| Exercise instructions |
Pictures in the records below must be left out. Return exactly the lines from the line with "Businessman looking at" to the line with "Casual outdoor restaurant", both included.

| Data shown |
#####

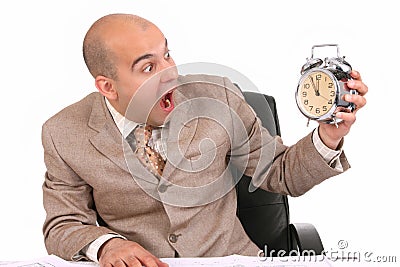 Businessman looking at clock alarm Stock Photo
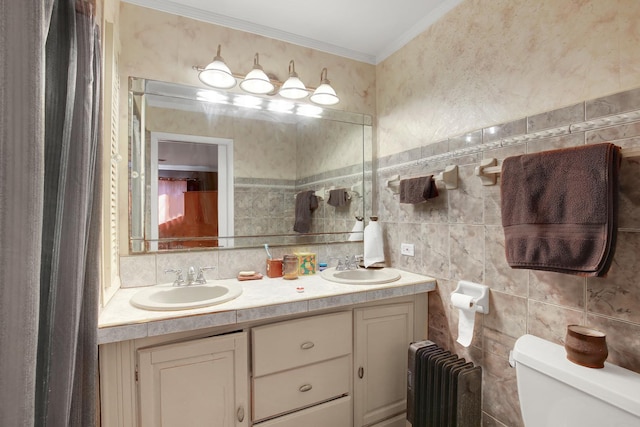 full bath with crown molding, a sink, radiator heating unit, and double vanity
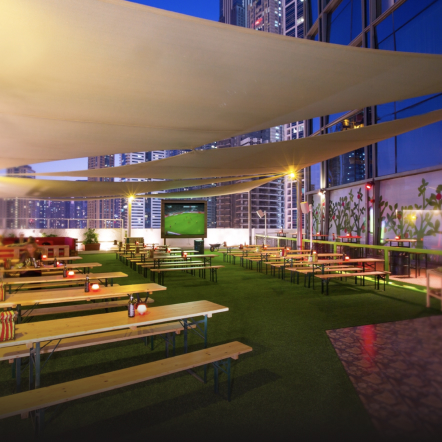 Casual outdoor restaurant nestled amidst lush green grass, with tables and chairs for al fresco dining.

#####

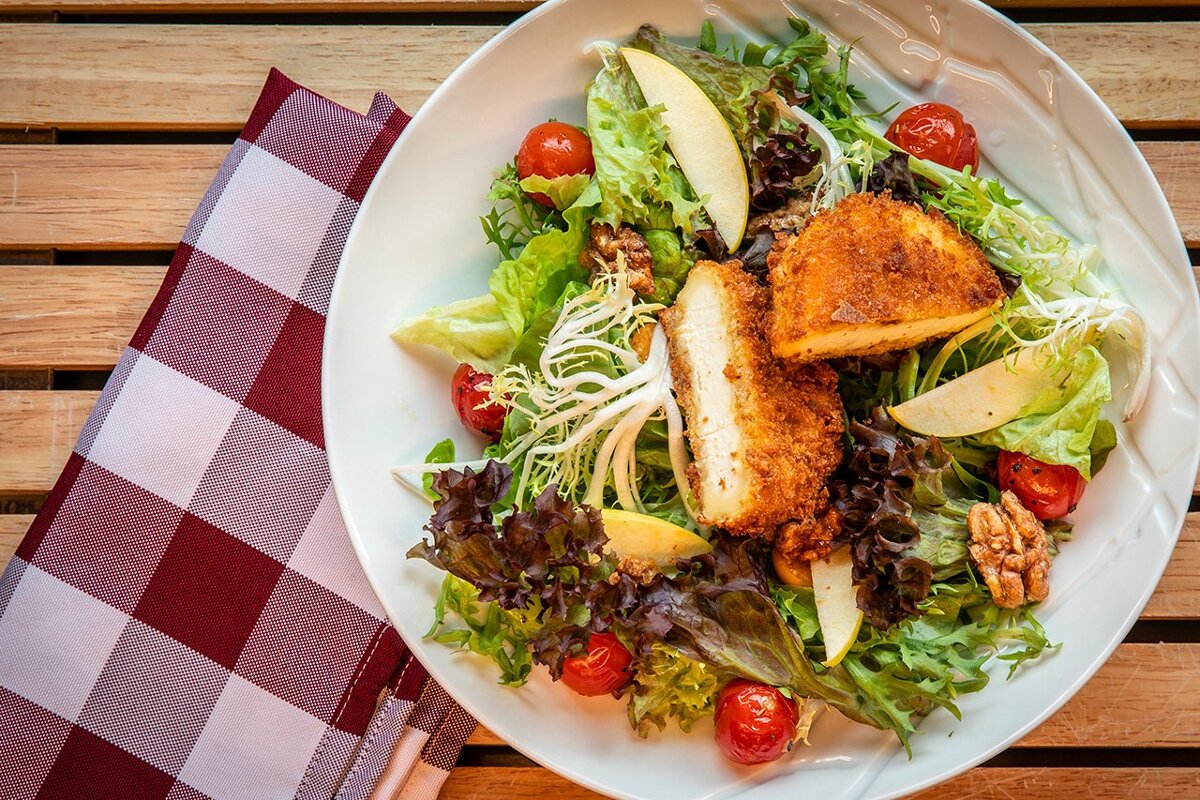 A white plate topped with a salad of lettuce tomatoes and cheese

#####

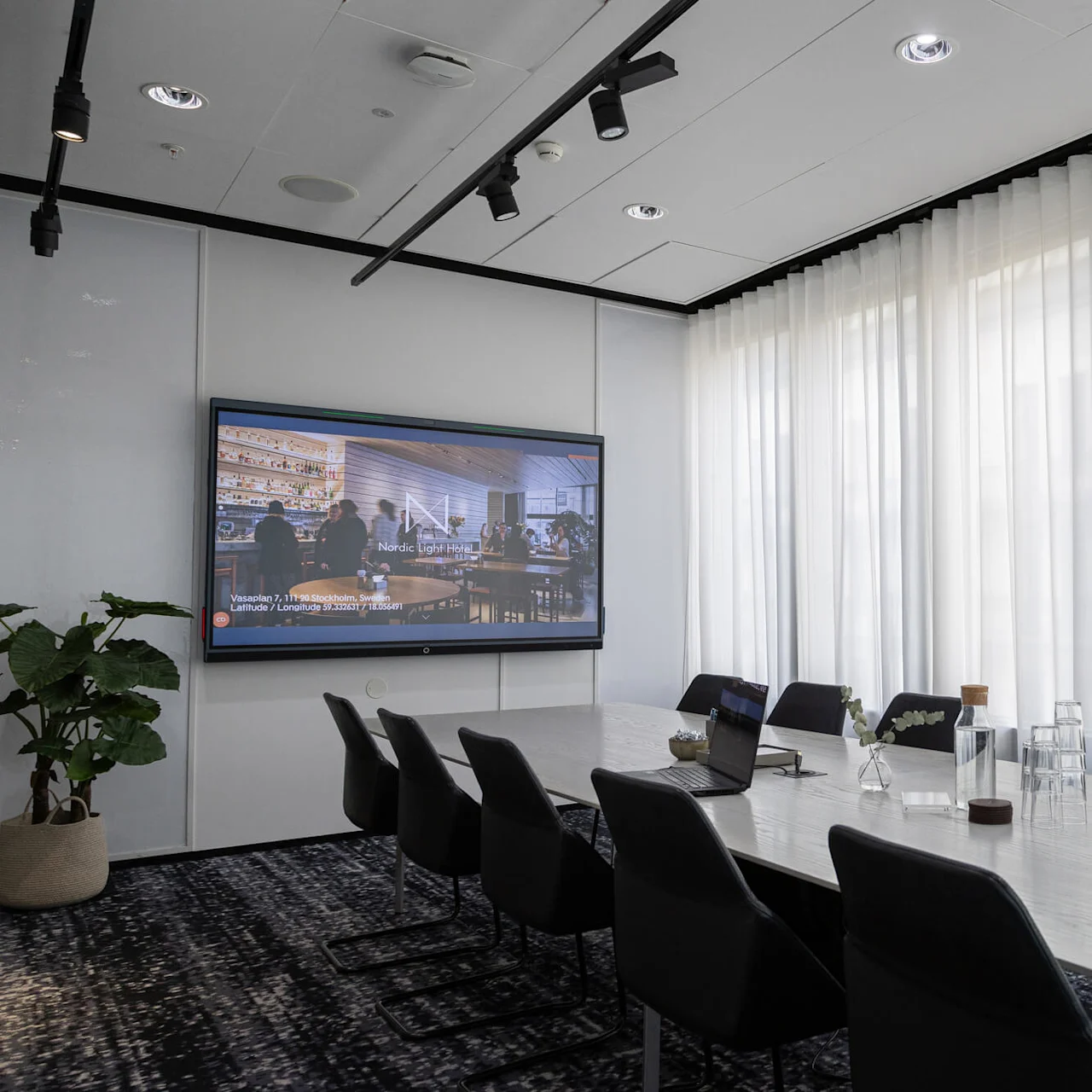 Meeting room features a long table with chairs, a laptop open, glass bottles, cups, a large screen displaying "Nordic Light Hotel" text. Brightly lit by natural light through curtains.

#####

| Response area |
 Businessman looking at clock alarm Stock Photo
 full bath with crown molding, a sink, radiator heating unit, and double vanity
 Casual outdoor restaurant nestled amidst lush green grass, with tables and chairs for al fresco dining.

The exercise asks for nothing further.